In Miva Merchant, Actions are what tell Miva Merchant what to do. We touched briefly on actions in the last video. An action is simply a url parameter, or a hidden input and there’s a certain action code which is a four letter code that tells Miva “do this” when this form is submitted. Examples of actions are “add product to cart,” “remove product to cart,” “update quantity,” “login,” “logout” and there’s actions that Miva uses for the checkout process such as calculating tax, calculating shipping, authorizing a transaction, all these actions are built into Miva Merchant so you don’t have to worry about them. All the heavy lifting is done for you and you just tell Miva what actions to perform and when.
Now, most the time all the actions are already set up in Miva. You usually won’t build a custom form and add your own actions. You can if you want to, but you usually don’t need to. All the actions are already there.. The apc action (add product to cart) is already part of the product submit form. Let’s take a look at signin here. I’m going to inspect the login button here so I can see the form. So here we can see the action is LOGN. This is the action to log a customer in. So behind the scenes Miva Merchant will take that action and tie it to a function and it will do all the heavy lifting. It will set the right cookies, it will do the right validation, you don’t have to worry about any of that. It’s all done by Miva. You’re just telling Miva to perform this action when this form is submitted. So what that means is I can take this form and I can put it anywhere on the site. It doesn’t have to be on the LOGN page. I can create a whole new page say for wholesale. I can put the login form there. As long as I pass this action of LOGN, Miva will do all of the heavy lifting behind the scenes which makes it very nice.
So this is an example of an action that’s passed in a hidden input in the form.
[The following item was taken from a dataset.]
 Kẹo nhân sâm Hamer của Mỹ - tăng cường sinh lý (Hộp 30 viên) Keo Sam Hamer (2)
Most the time this is how you’ll see actions being used. But you can also pass an action as a url parameter. So let me login. So here I’m logged in to my account and here the logout link has an action in it. You see down here in the bottom left of my screen it says “Action=LOGO&Scren=SFNT.” So what this is saying is the LOGO actions is the “Logout” action. It’s going to log the customer out, which will clear it’s cookies and clear its session and then the screen is saying where you want it to go. So right now it’s going to go to the storefront page. But this can go anywhere. You can have it go to a custom logout page or anything you want. So when I click Logout, you’ll see I’m no longer logged in - this now got changed to Sign In, the action, LOGO was performed and now I’m back at the storefront screen because this is where I told it to go. So that’s an example of an action being used as a url parameter as opposed to a hidden input with no form. At the end of the day it all does the same thing.
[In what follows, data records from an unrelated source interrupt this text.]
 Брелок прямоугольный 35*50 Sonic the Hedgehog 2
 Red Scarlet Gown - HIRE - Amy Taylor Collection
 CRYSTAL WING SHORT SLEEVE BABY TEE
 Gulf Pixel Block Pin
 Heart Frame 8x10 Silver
One nice part about actions is that they can be chained. So you can do multiple actions within a single form submit. You’ll see this quite a bit during the checkout process. Let me add something to my cart, so here I’m on OCST which is the first page of checkout and I’m going to inspect this form. So here we see we actually have four actions. We have ORDR, SHIP, CTAX and AUTH. All these actions are paths in single hidden input with the name of an action and it’s just a comma separated list. Miva will go through these actions in order and perform each one. You may be asking yourself, how do I find out what these actions do? I’m going to show you a little bit of code, This code is actually from merchant.mvc, which is the core controller from Miva Merchant. It’s the default page that you see in the url right here, merchant.mvc and then you pass in some parameters to it. Well that page has some logic to parse out the action and make a callout to some function to perform that action.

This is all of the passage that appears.